Databricks SQL Encryption

The following steps enable use of Privacera encryption services in a Databricks SQL notebook:

Create a secret shared by Privacera Encryption Gateway (PEG) and Databricks.
Create Resource Policies in Privacera for data access to Databricks SQL resources.
Create Privacera encryption and decryption User-Defined Functions (UDFs) in Databricks.

For more information about Privacera encryption schemes, see the Privacera Encryption Guide.

Prerequisites

A working Databricks SQL installation connected to PrivaceraCloud. See Databricks to learn more.Databricks
Databricks CLI installed to your client system and configured to attach to your Databricks host. See Databricks Documentation: Databricks CLI and Databricks Documentation: Authenticating using Databricks personal access tokens.
Privacera Encryption Gateway (PEG) enabled and configured in your account settings. See About Account.
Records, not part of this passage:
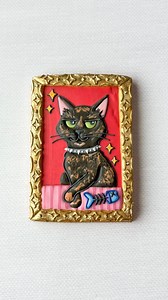 3.5K views · 46 reactions | Cookie is our cat and we got her 2 years before I ever decorated a cookie!  | Mik & Cookies | Facebook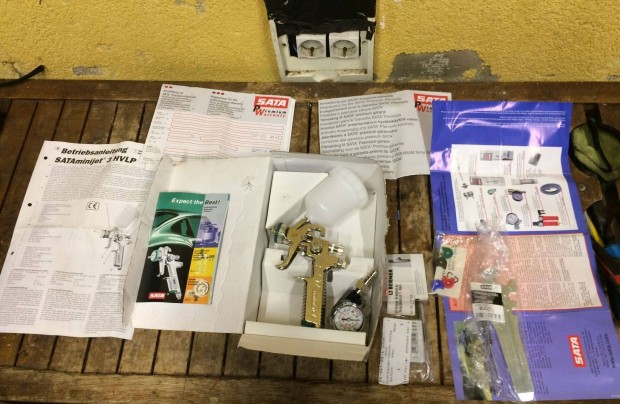 SATA minijet 3 Szórópisztoly Új!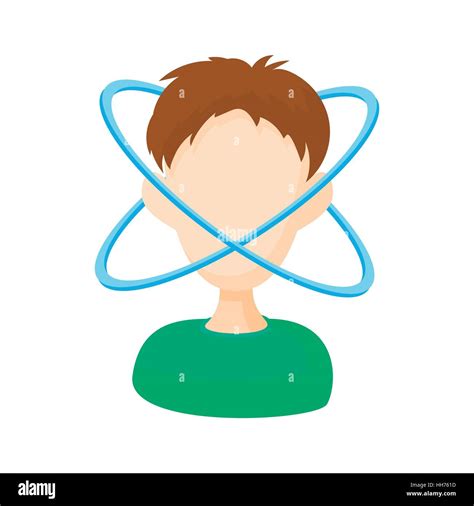 Person With Dizziness Icon Cartoon Style Stock Vector Image Art Alamy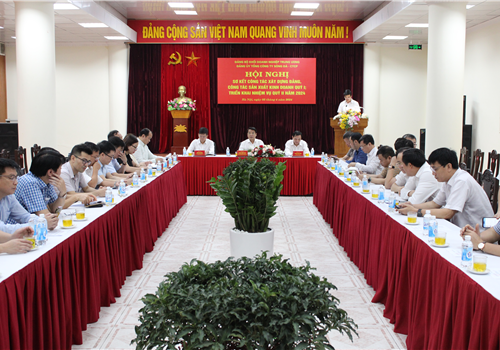 Đảng ủy Tổng công ty Sông Đà – CTCP tổ chức Hội nghị sơ kết công tác Đảng, công tác sản xuất kinh doanh quý I; Triển khai nhiệm vụ quý II năm 2024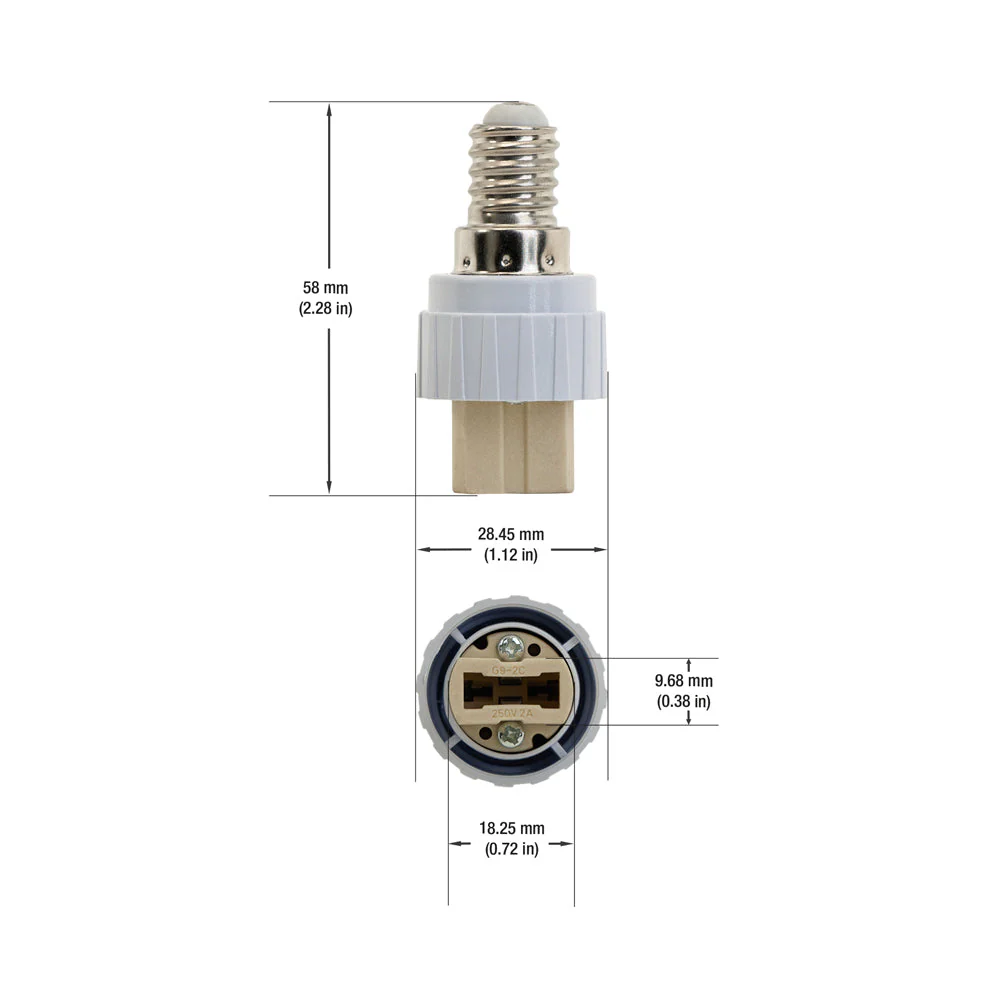 E12 to G9 Light Bulbs Adapter - Image 2
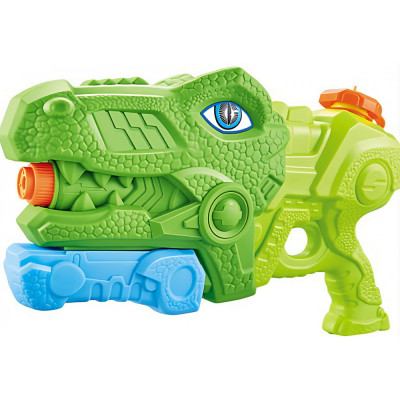 Pistol cu Apa pentru Copii, Rezervor, Pentru Piscina/Plaja, Flippy, 6ani+, Tiranozaur, 3 duze, Verde, 1440ML foto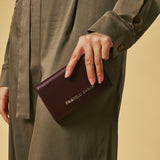 Costanza (eggplant) - Italian calf leather women’s wallet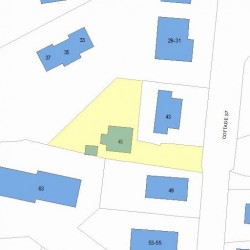 45 Cottage St, Newton MA  02464-1254 plot plan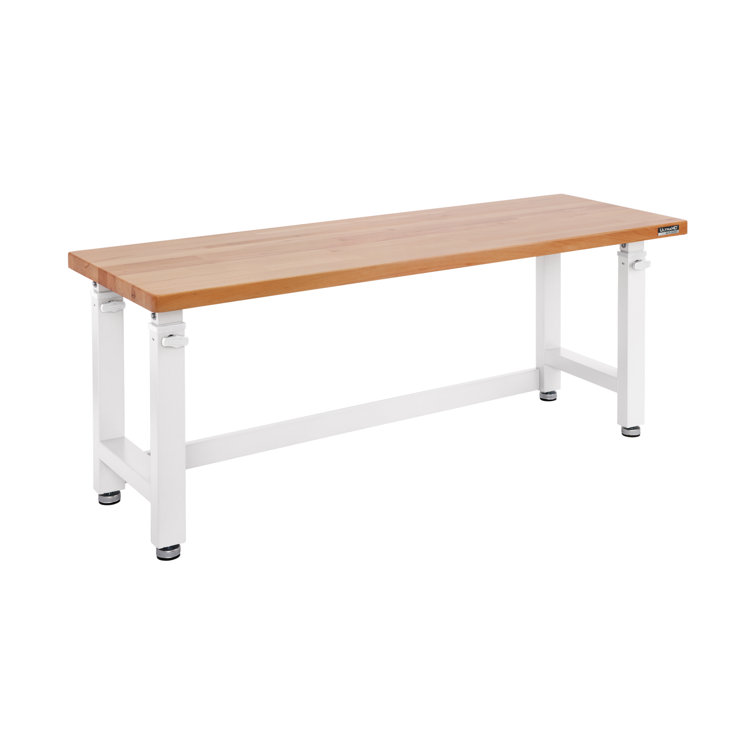Seville Classics UltraHD Adjustable Height Workbench, 72" W x 25" D x 28.5" - 42" H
Grant permission in encryption scheme policy

To use Databricks SQL encryption, you must create a scheme policy for a user that will use the Databricks UDF. This scheme policy must grant the getSchemes permission. See Create Scheme Policies on PrivaceraCloud to learn more.

Configure Databricks

Create Databricks secrets

With the Databricks CLI:

Create a secret scope called privaceracloud:

databricks secrets create-scope --scope privaceracloud

Add secrets to this scope:
- peg_username, peg_password, and peg_secret are literals and should be entered exactly as shown.
- The <username>, <password>, and <sharedsecret> values below are the same as what you entered in PrivaceraCloud when adding the PEG service. See API Key to learn more.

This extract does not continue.